Task brief: Extract the full listing verbatim and drop any pictures from your copy.

Records for this task:

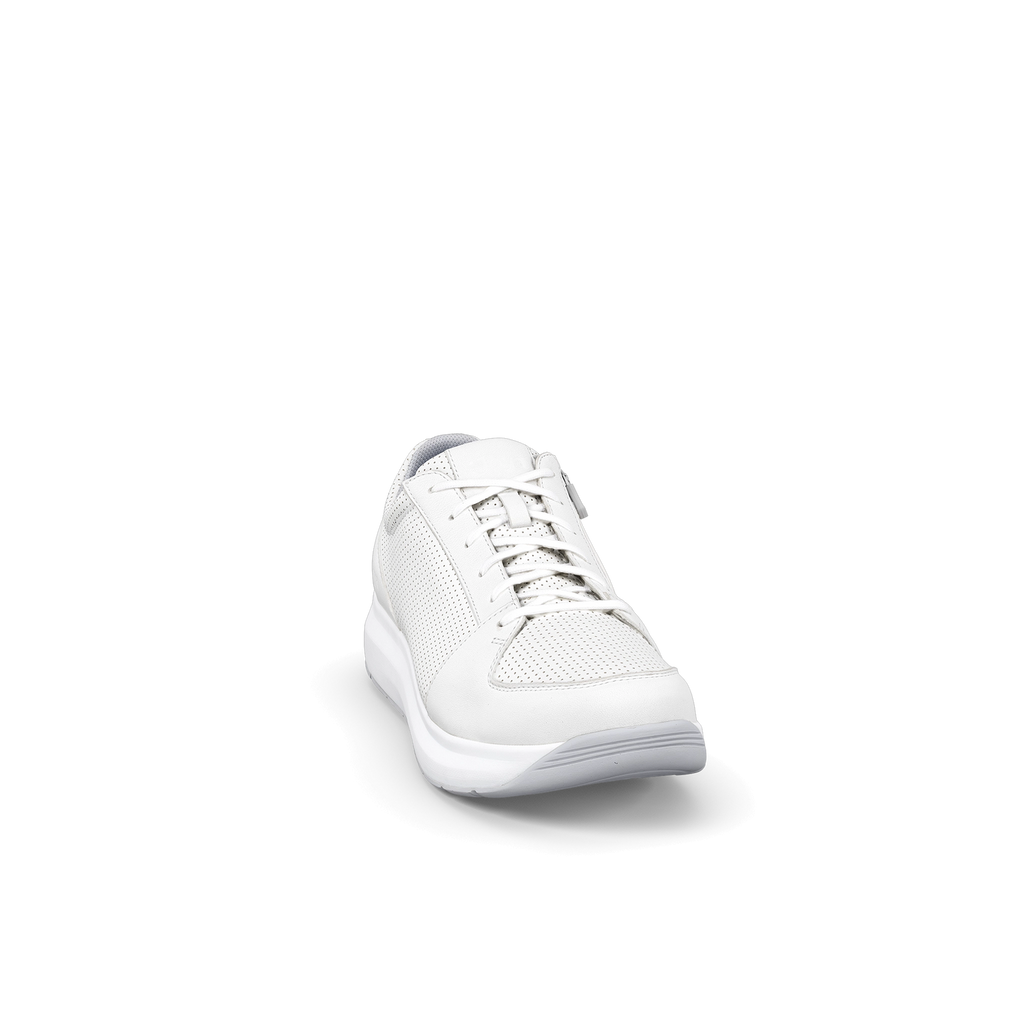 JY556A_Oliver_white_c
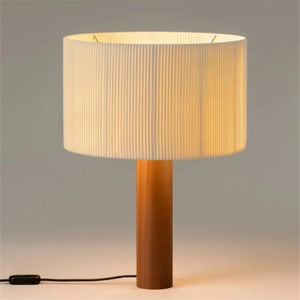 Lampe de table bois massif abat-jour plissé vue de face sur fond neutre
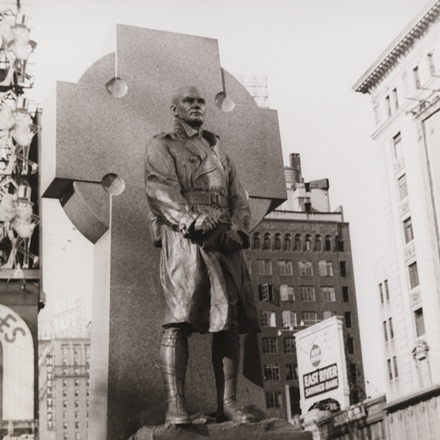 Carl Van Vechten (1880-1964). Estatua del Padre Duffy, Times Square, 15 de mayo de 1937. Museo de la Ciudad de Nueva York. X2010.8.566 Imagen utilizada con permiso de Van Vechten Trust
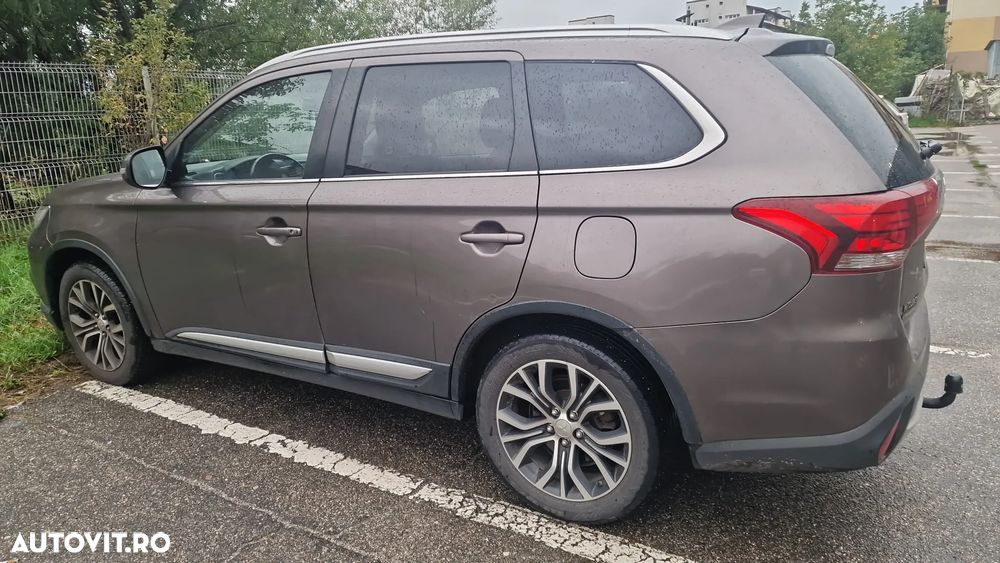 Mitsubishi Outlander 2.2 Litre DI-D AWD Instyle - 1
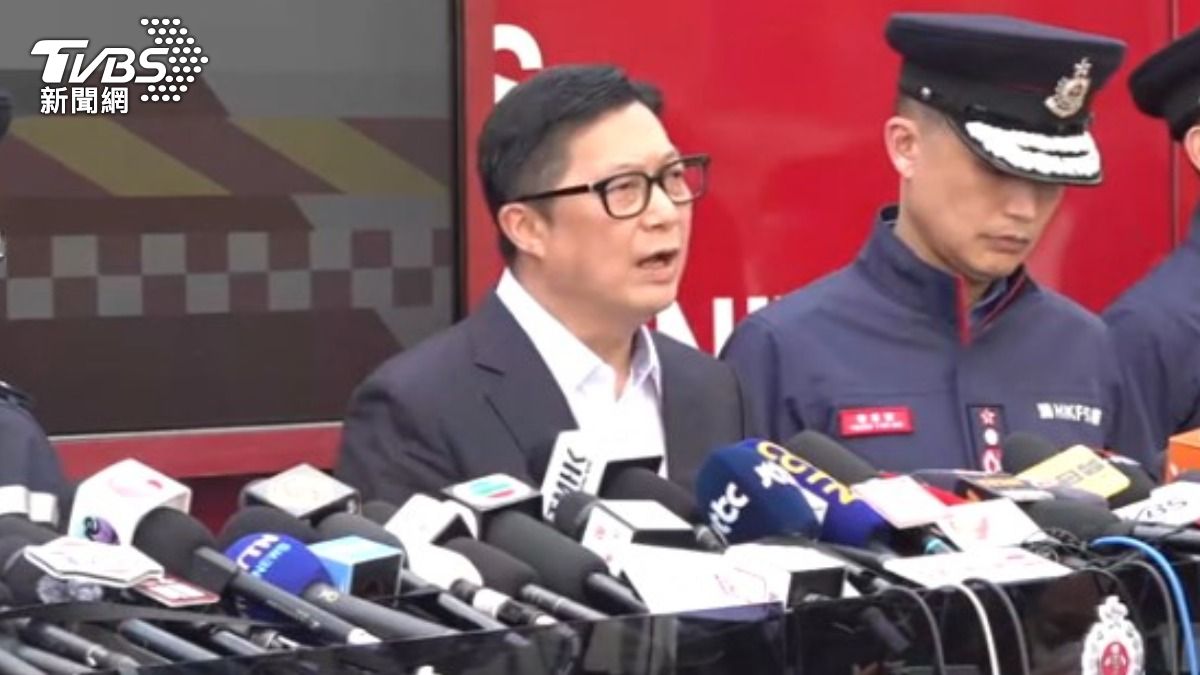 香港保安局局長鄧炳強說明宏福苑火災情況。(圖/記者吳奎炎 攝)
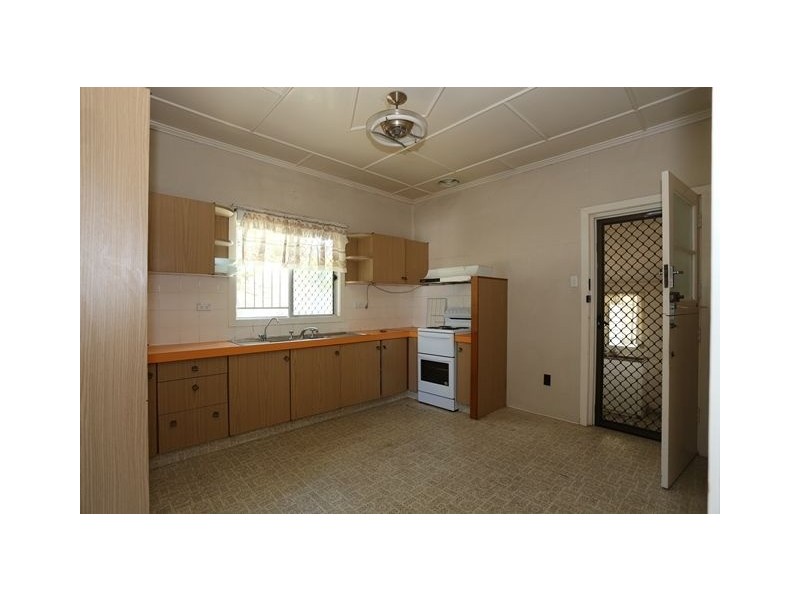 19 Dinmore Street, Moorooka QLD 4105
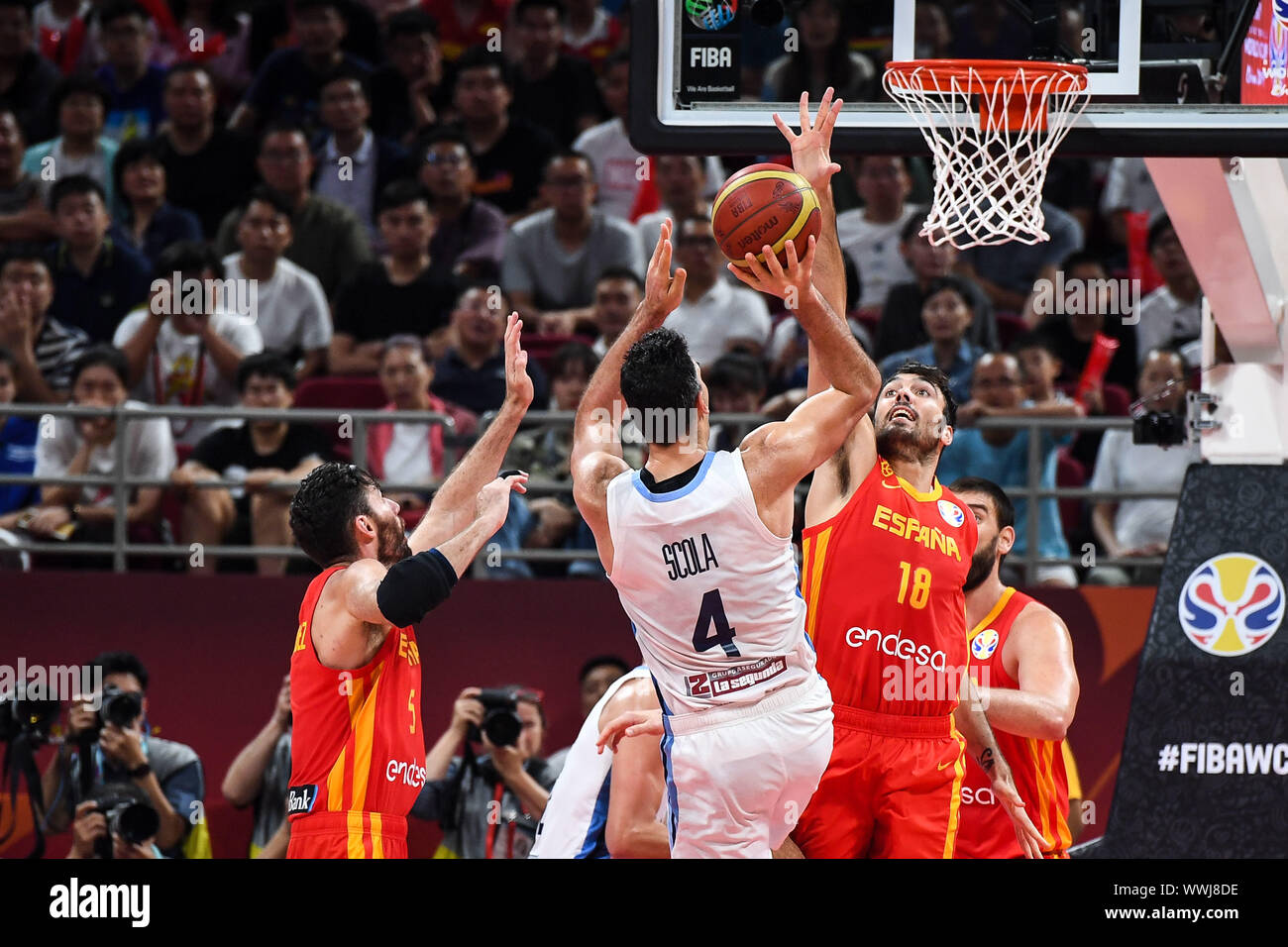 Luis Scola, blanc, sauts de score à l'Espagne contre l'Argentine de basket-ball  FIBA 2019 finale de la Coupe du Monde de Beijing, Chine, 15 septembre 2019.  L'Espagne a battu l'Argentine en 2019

Task output:
 JY556A_Oliver_white_c
 Lampe de table bois massif abat-jour plissé vue de face sur fond neutre
 Carl Van Vechten (1880-1964). Estatua del Padre Duffy, Times Square, 15 de mayo de 1937. Museo de la Ciudad de Nueva York. X2010.8.566 Imagen utilizada con permiso de Van Vechten Trust
 Mitsubishi Outlander 2.2 Litre DI-D AWD Instyle - 1
 香港保安局局長鄧炳強說明宏福苑火災情況。(圖/記者吳奎炎 攝)
 19 Dinmore Street, Moorooka QLD 4105
 Luis Scola, blanc, sauts de score à l'Espagne contre l'Argentine de basket-ball  FIBA 2019 finale de la Coupe du Monde de Beijing, Chine, 15 septembre 2019.  L'Espagne a battu l'Argentine en 2019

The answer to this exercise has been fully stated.